Conservatory shows its range with two works at festival
Produced by the Shanghai Conservatory of Music and Theater Kiel from Germany, Giuseppe Verdi's La Traviata entertains audiences at the China Opera Festival held in Hangzhou, Zhejiang province. [PHOTO PROVIDED BY SHANGHAI CONSERVATORY OF MUSIC]
The Shanghai Conservatory of Music is presenting two opera productions at the ongoing China Opera Festival.
The festival is a triennial event founded by the then Ministry of Culture in 2011.
It started in Hangzhou, Zhejiang province, on May 9 and will run until May 26. It features 24 opera productions from all over China.
The conservatory is the only educational institution with two productions on the program list of the festival this year.
The first is the classical opera, Giuseppe Verdi's La Traviata, which was produced by the conservatory and Theater Kiel from Germany and had two performances.
It was staged on Wednesday and Thursday.
The conservatory decided to revive La Traviata as this year marks the 210th anniversary of the birth of Verdi. The opera was also performed at the Shangyin Opera House, a part of the conservatory, on Friday and Saturday.
The other is A Love Ballad of Kangding, an original opera about the construction of the highway from Sichuan province to the Tibet autonomous region and Qinghai province in the 1950s that will be presented on Thursday and Friday.
Since its opening in 2019, the Shangyin Opera House has been focusing on developing young talent and being a bridge between the conservatory and the public, as well as a hub for international exchanges, says Liao Changyong, president of the Shanghai Conservatory of Music.

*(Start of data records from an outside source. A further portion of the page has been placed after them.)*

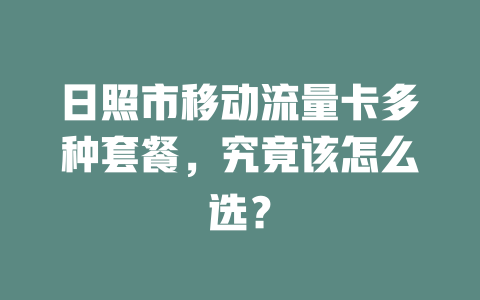 日照市移动流量卡多种套餐，究竟该怎么选？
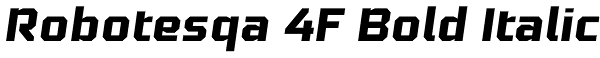 Robotesqa 4F Bold Italic Font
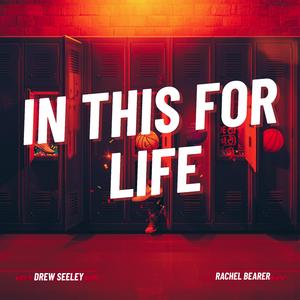 In This For Life (feat. Rachel Bearer)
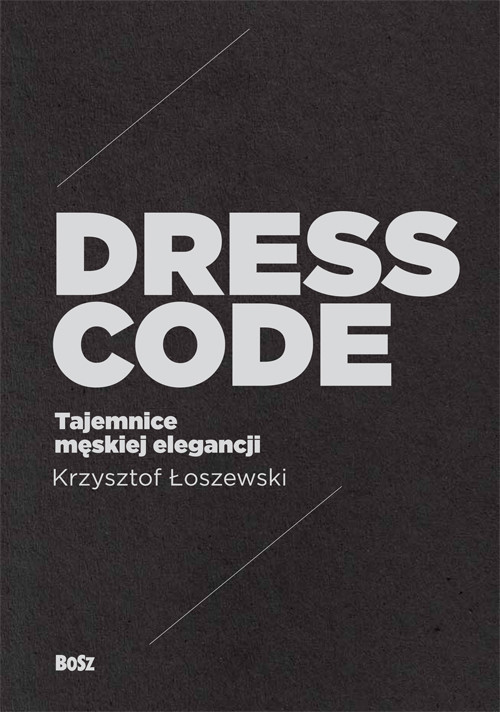 okładka Dress Code Tajemnice męskiej elegancji książka | Krzysztof Łoszewski, Jerzy Malinowski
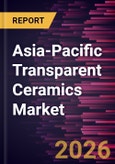 Asia-Pacific Transparent Ceramics Market Size and Forecast (2021 - 2031), Regional Share, Trend, and Growth Opportunity Analysis- Product Image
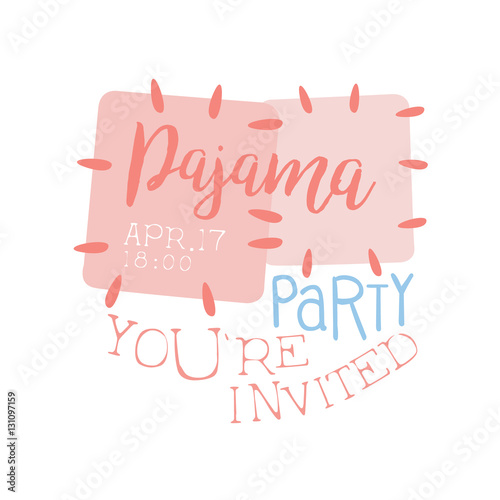 Girly Pajama Party Invitation Card Template With Cloth Patches Inviting Kids For The Slumber Pyjama Overnight Sleepover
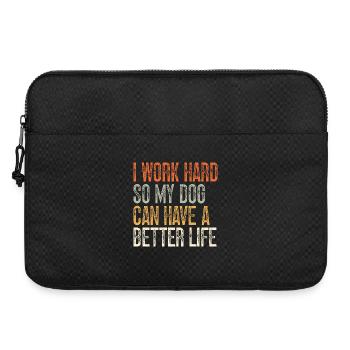 I Work Hard So My Dog Can Have A Better Life - Laptop bag 15" - black - Front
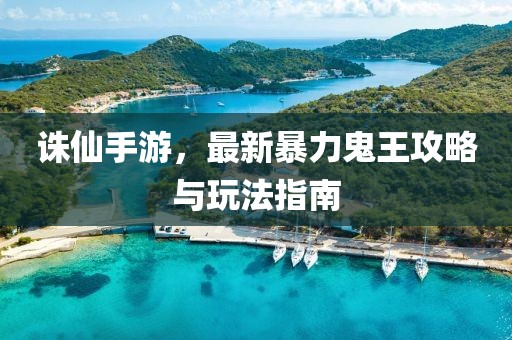 诛仙手游，最新暴力鬼王攻略与玩法指南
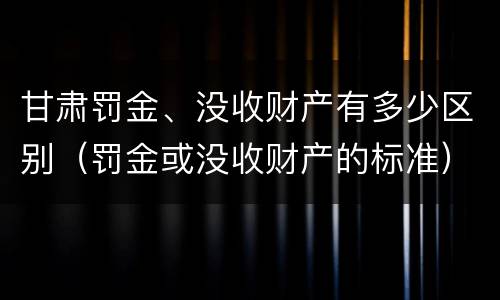 甘肃罚金、没收财产有多少区别（罚金或没收财产的标准）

"International collaborations have not only helped students to achieve academic and technical progress, but also have nurtured their music aesthetics and broadened their international vision as well," says Wang Kaiwei, a professor of the conservatory, who is also a producer of the opera.
A Love Ballad of Kangding is based on a popular love ballad involving Tibet. In the 1950s, more than 110,000 highway engineers and workers participated in the construction of the Sichuan-Tibet-Qinghai highway.
Known as the steepest highway in China at that time, the road was built in the mountainous region under difficult conditions.
"Many people lost their lives in the process, and we want to commemorate this chapter in Chinese history, as well as the contribution and sacrifice of the workers," says Liao.
Liao points out that it was challenging for the conservatory to present two opera productions involving more than 400 people at around the same time, and that the curriculum and rehearsal plans had to be adjusted to make things work.
However, he believes that this challenge will go a long way to helping prepare their students for the real world before graduation.
"We hope our students can accumulate some formal performance experiences before they graduate and get a job in a theater company," he says.
"In the past, it took about three years for a newly graduated musician or singer in a company to become qualified for the position. If they have enough experience at school, they would be able to take important positions as principals and leading actors much sooner."